McClaren has to pay price for failure as fear and self-loathing triumph again

Sam Wallace,Football Correspondent
Wednesday 14 November 2007 01:00 GMT
Comments
England manager Steve McClaren is starting to show the strain
England manager Steve McClaren is starting to show the strain

You could call it the Neil Kinnock factor: a tabloid aversion to men in British public life with thinning red hair. The former leader of the Labour Party got both barrels at his weakest moment and, 15 years on, Steve McClaren has found that attitudes towards our pheomelanin-rich brethren have not softened one bit. Good luck to Prince Harry if he ever thins out like his dad.

There is just one point to add to the tumult and general national self-loathing that will kick in should Russia get those three points in Israel on Saturday: let's not debase ourselves as a football nation by putting the boot into the manager. You may not have supported McClaren's appointment or appreciated the way his Middlesbrough team played football, but to blame the whole sorry mess on one man is preposterous. Just as preposterous as deciding who to vote for in a general election on the strength of one tabloid headline.

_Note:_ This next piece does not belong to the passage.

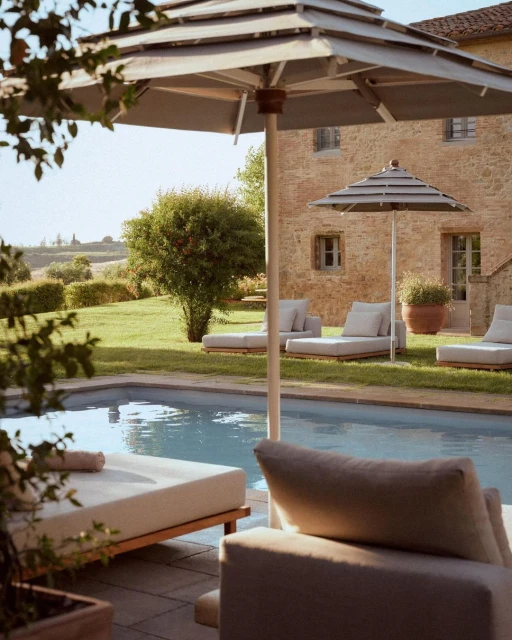Outdoor lounge area with a swimming pool, featuring sun loungers, umbrellas, and a stone building in a grassy environment on a bright day.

As he enters what could be the last eight days of his reign as England manager, facing Austria on Friday and Croatia in the last qualifier five days' later, the bottom line is that if McClaren does not make it to Euro 2008 then he must be relieved of his duties. It will not be the end of the world, however bad it feels at the time; his agent, Colin Gordon, will cross Soho Square from his offices on the other side of the lawn and agree a severance deal to soften the blow. And in time McClaren will get another job, certainly as a better manager for the experience, and, hopefully, take Graham Taylor's dignified lead in letting bygones be bygones.

In the 28 days since defeat in Russia turned Group E on its head, one memory stands out. It was the sense that until the Spanish referee, Luis Medina Cantalejo, wrongly awarded Russia a penalty, England were surviving. After that penalty everyone remembered the game a little differently. Why had McClaren not brought on Frank Lampard (that famously defensive-minded midfielder)? Why were we playing 4-4-2 anyway? In the space of two goals, McClaren went from being a manager who had got it together in time to a joke who deserved nothing but scorn.

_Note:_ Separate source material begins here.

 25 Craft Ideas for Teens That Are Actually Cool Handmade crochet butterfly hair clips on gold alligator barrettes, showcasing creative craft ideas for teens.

Those are just the mitigating factors, of course. The buck stops with the manager, but it is not as if these players have not let us down before. There is a suspicion that had another man been in charge of England that night of 17 October – let's say Terry Venables, for argument's sake – then those newspapers who put McClaren on the gallows might have been looking towards the referee instead. It would have been a certain 43-year-old civil servant from the outskirts of Seville who would have found himself anointed as the least popular Spaniard since King Philip II waved off the Armada.

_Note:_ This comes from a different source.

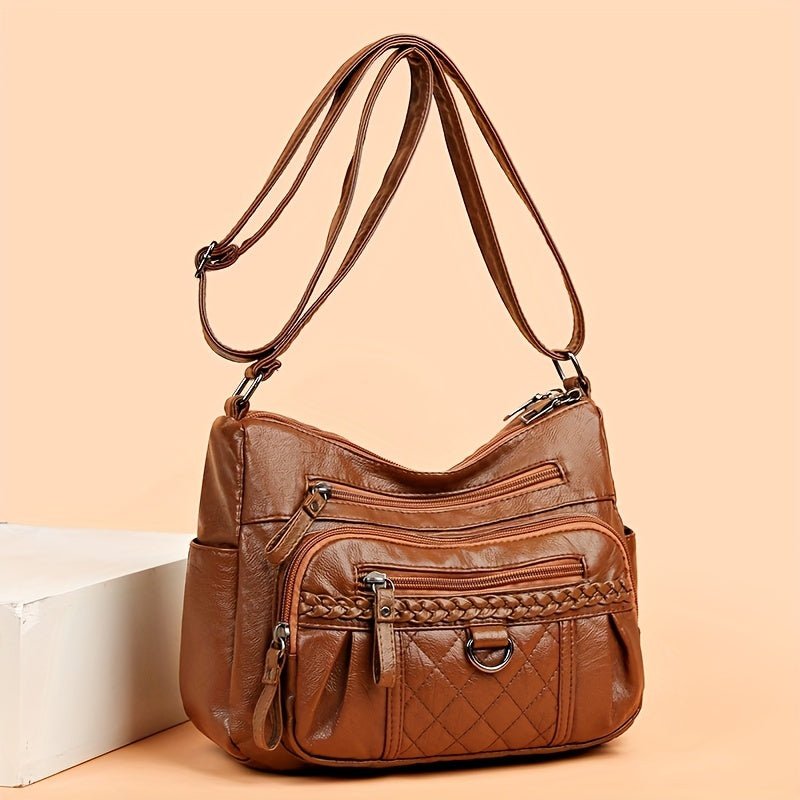 Women's leather bag with multiple pockets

The point is that McClaren has under his control a group of players whose results in the last three years have been volatile, to say the least, and who have always seemed capable of inflicting upon themselves a grievous humiliation. England's parlous current position really comes down to failure to beat Macedonia at home in October last year. That was a match in which Rio Ferdinand pulled out with a back spasm on the day itself and in which Wayne Rooney was so ineffective he was replaced by Jermain Defoe with 15 minutes to go. That is no excuse, of course, but the same old stories about indifferent form and unlucky injuries have hit McClaren. Out of the players who would have been in his first XI when he took the job, McClaren has been without an average of four for every one of his 11 qualifiers.

Should results go against England in the next eight days then the spotlight will again fall upon the Football Association, who it will appoint as McClaren's successor and who makes the key decisions. It should be noted that the FA is in the rudest of financial health, with a turnover that will reach £200m next year on the back of some eye-popping new broadcasting deals. It is not, as the common perception goes, just a bunch of old farts voting for their own survival but a 124-year-old organisation which includes many people who care deeply about the job they do.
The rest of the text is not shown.